Yeah, I don’t pretend to really know anything. I think my logic is sound, but A) I still haven’t actually played, and B) Everything is a problem for somebody. :slight_smile:

I haven’t GMed it. I’ve played. I’m having a hard time seeing how things come together [in a non-sucky way ;)].

Potential confounding problem for me, I have been unable to read the sample adventure due to spoiler, as that is what we are playing.

It might not come together, for a given value of “suck”. :slight_smile:

It can be really helpful to see an example of how an adventure should look, though the sample adventure might confuse things slightly in its offering of suggested skills and obstacles. I think a “real” adventure would just describe the challenges and leave the Obstacles to the GM to decide, since there are so many ways that players might approach a problem.

A non-Conflict example of play in the book might have been nice. (I realize there are a ton of those, but they’re not compiled into an overall play experience.)

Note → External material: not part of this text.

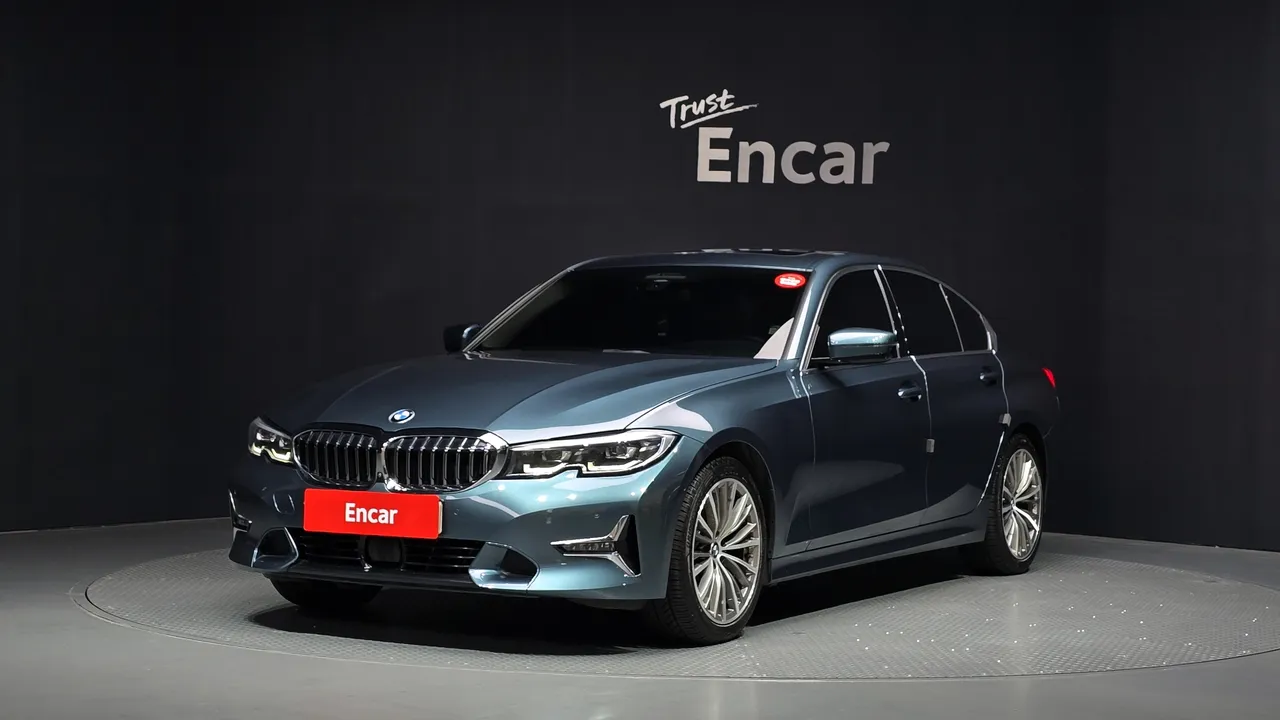 2021 BMW 3-Series 320i Luxury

Example play does have a tough time covering the weird. Last night, middle of a Drive Off Conflict, a PC described their Help in such a way that there was no way to judge that it wouldn’t trigger a predefined trap. Middle of the Conflict. :stuck_out_tongue: Fortunately the acting player ran down the the opponent’s Dispo with that roll so it wasn’t as big of a dilemma as it could have been (trap triggering player hadn’t yet had an action) but it was very much within sight of weirdness. shrug

Spoiler details withheld.

EDIT: Fixed typo.

One obvious solution if trying to game the system would be to word your instinct “Search every room carefully”. Or even “search every room for traps, treasure and secret doors”…

I’m not advocating using these, as they irk me, but the thing is they don’t seem strictly illegal as per the rules. I think it depends on whether you define searching as a general activity which finds hidden things, or an activity in which you search for a specific thing, at the exclusion of others. No matter, though, as I read the rules, because picking through the room an instinct such as “search the room carefully” ought to kick in regardless of trap, door, treasure, ambush or what have you.

I don’t have a good solution, but I don’t think we’ve solved the problem either…

That’s pretty much exactly what I was trying to say, your examples and scenarios were much more complete though.

I don’t have the books in front of me, but I have to assume the Instincts section says something about specificity. As a GM I would probably preclude conjunctions from instincts. A good rule might be that if an instinct would allow you more than one test in a given area then it’s probably too broad.